(Web page caption snippets)
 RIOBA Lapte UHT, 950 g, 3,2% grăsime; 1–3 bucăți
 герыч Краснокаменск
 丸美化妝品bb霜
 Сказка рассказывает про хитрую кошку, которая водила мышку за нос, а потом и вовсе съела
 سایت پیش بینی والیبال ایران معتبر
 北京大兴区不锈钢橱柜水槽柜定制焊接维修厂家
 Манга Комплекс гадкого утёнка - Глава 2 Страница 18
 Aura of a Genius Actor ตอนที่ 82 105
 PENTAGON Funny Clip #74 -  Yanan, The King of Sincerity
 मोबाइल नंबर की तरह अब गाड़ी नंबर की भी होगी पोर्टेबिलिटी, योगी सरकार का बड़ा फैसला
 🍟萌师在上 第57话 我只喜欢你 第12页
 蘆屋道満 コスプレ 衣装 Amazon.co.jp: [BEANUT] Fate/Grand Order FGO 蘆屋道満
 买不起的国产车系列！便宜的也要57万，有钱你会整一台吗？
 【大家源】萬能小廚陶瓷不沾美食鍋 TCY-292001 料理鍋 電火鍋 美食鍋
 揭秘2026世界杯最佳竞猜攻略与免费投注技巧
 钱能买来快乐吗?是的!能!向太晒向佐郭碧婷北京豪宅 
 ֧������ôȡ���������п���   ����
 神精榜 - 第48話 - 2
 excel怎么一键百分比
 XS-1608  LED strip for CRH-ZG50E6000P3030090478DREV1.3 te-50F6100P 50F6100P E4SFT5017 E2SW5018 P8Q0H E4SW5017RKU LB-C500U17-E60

Brief:
Write out, word for word, the line containing "PENTAGON Funny Clip" and every line after it to the end of the data above.

Answer to the problem:
 PENTAGON Funny Clip #74 -  Yanan, The King of Sincerity
 मोबाइल नंबर की तरह अब गाड़ी नंबर की भी होगी पोर्टेबिलिटी, योगी सरकार का बड़ा फैसला
 🍟萌师在上 第57话 我只喜欢你 第12页
 蘆屋道満 コスプレ 衣装 Amazon.co.jp: [BEANUT] Fate/Grand Order FGO 蘆屋道満
 买不起的国产车系列！便宜的也要57万，有钱你会整一台吗？
 【大家源】萬能小廚陶瓷不沾美食鍋 TCY-292001 料理鍋 電火鍋 美食鍋
 揭秘2026世界杯最佳竞猜攻略与免费投注技巧
 钱能买来快乐吗?是的!能!向太晒向佐郭碧婷北京豪宅 
 ֧������ôȡ���������п���   ����
 神精榜 - 第48話 - 2
 excel怎么一键百分比
 XS-1608  LED strip for CRH-ZG50E6000P3030090478DREV1.3 te-50F6100P 50F6100P E4SFT5017 E2SW5018 P8Q0H E4SW5017RKU LB-C500U17-E60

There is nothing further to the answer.